Non s’il s’agit d’une poursuite devant la haute Cour de Justice. Ce n’est pas aux députés, au regard de la procédure devant la Haute cour de justice, de chercher à comprendre l’infraction qui est prévue. Puisque c’est la saisine de la Haute cour de justice, dès lors qu’ils autorisent la poursuite de l’autorité politique qu’est le ministre, c’est dans l’instruction du dossier que le juge instructeur va faire les enquêtes pour savoir l’implication de l’intéressé. Et ils ont encore leur dernier mot à dire. Parce que la procédure, dans ce cas, lorsque le juge d’instruction finit son travail, doit leur revenir pour cette fois-ci  l’autorisation pour la mise en accusation avant l’audience proprement dite devant la Haute cour de justice. Donc, ici, on ne peut avoir les incriminations du Président de la République. Les articles cités plus hauts sont clairs sur la question.

Est-ce qu’en l’état actuel, on peut dire que la procédure est viciée ?

Je n’ose pas dire que la procédure est viciée parce que les deux autorités sont restées prudentes. Le chef de l’Etat n’a pas évoqué la procédure de poursuite devant la Haute cour ni la procédure de levée d’immunité. L’Assemblée nationale ne voyant pas si c’est la poursuite ou si c’est la levée d’immunité, a décidé de mettre en place une commission pour que cette dernière clarifie la situation. Il suffit qu’on se réfère à la pratique pour se rendre compte qu’en matière de poursuite devant la Haute cour de justice, c’est au gouvernement par le biais de son chef que la demande d’autorisation de la poursuite devant la HCJ est faite.

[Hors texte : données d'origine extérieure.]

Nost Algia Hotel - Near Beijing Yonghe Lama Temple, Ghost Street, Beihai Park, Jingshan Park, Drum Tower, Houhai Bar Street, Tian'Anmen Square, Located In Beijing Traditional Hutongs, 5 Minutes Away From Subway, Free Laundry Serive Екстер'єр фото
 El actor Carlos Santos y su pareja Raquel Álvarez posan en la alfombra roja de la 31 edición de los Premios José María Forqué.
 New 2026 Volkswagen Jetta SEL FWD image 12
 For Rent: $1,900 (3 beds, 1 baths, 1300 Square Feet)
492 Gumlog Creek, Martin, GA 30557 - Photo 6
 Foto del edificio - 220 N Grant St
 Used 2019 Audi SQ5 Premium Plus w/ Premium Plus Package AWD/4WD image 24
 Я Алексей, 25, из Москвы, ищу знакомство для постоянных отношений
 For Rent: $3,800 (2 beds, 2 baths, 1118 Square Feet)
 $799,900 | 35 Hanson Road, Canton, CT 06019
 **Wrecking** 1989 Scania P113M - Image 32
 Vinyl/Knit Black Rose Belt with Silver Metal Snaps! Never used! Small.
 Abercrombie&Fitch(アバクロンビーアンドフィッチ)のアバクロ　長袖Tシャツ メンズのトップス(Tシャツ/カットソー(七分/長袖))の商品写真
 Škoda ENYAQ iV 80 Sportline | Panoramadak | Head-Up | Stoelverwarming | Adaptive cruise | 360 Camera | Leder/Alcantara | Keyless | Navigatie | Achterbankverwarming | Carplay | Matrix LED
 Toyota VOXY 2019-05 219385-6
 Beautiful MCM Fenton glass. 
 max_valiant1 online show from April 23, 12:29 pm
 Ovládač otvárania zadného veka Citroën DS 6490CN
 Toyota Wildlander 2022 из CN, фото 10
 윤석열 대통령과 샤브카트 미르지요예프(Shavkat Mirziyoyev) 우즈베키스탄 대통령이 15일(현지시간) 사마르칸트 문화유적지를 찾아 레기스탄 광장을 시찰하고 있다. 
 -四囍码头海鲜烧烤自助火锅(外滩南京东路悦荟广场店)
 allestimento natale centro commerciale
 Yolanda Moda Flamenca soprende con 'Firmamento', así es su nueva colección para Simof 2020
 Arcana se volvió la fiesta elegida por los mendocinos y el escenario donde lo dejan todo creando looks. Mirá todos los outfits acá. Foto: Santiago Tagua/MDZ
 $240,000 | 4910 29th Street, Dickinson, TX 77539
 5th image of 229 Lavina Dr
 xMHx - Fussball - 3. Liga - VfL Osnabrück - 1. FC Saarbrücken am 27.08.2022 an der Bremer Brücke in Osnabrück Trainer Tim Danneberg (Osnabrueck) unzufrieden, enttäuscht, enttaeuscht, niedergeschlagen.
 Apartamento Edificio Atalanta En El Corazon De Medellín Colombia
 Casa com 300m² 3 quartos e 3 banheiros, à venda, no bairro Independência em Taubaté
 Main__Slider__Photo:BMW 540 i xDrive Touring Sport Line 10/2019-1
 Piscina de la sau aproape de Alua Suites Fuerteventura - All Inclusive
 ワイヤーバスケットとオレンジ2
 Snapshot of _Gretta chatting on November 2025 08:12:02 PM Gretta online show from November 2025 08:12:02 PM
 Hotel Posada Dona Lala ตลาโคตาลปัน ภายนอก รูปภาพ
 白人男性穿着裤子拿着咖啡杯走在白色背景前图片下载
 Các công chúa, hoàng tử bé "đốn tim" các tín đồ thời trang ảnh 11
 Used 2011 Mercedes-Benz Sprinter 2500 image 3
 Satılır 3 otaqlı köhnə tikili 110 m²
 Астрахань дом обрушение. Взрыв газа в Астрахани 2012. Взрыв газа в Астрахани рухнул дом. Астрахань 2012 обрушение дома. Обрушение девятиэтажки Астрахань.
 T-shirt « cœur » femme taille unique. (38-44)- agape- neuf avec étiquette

Doutez-vous comme l’ont fait les députés du caractère sérieux, loyal et sincère de la demande du chef de l’Etat ?

L’infraction a été constituée. Il y a eu des fonds qui ont été distraits par certaines personnes. Et même si le chef de l’Etat n’est pas d’accord pour une éventuelle poursuite des personnes impliquées, c’est aux députés de prendre leurs responsabilités. C’est à eux-les députés- de ne pas tomber dans le jeu du gouvernement si celui-ci donnait par exemple matière à réfléchir sur sa volonté à le faire. S’ils se mettent à dire qu’ils ne comprennent pas la lettre et qu’ils ne peuvent pas lever l’immunité parlementaire de leur collègue autoriser une poursuite, on rentrera dans l’analyse politique de leur décision. Il faut éviter de faire de la politique sur la procédure. Les textes sont bien clairs ; Le Président a saisi le parlement  et le parlement doit jouer sa partition dans l’intérêt du peuple.

Il faut dire dans ce dossier que tous les partenaires techniques et financiers observent le comportement de chaque acteur par rapport à la résolution de cette situation. Les Pays-Bas, dans leur communiqué, ont même parlé d’impunité. Donc chaque acteur doit jouer son rôle pour qu’il n’y ait pas impunité dans ce dossier.

S’il était question de conseiller quoique ce soit, je dirai que même si le président a omis de préciser des choses, c’est à l’Assemblée nationale de rentrer dans la procédure et d’exécuter les deux procédures telles que convenues quitte à ce que les députés ne votent pas aux deux tiers (2/3), là on comprendrait mieux. Mais on ne peut pas rester dans le jeu de courrier pour ne pas aller au bout de la procédure.  Il y va de la crédibilité de nos institutions.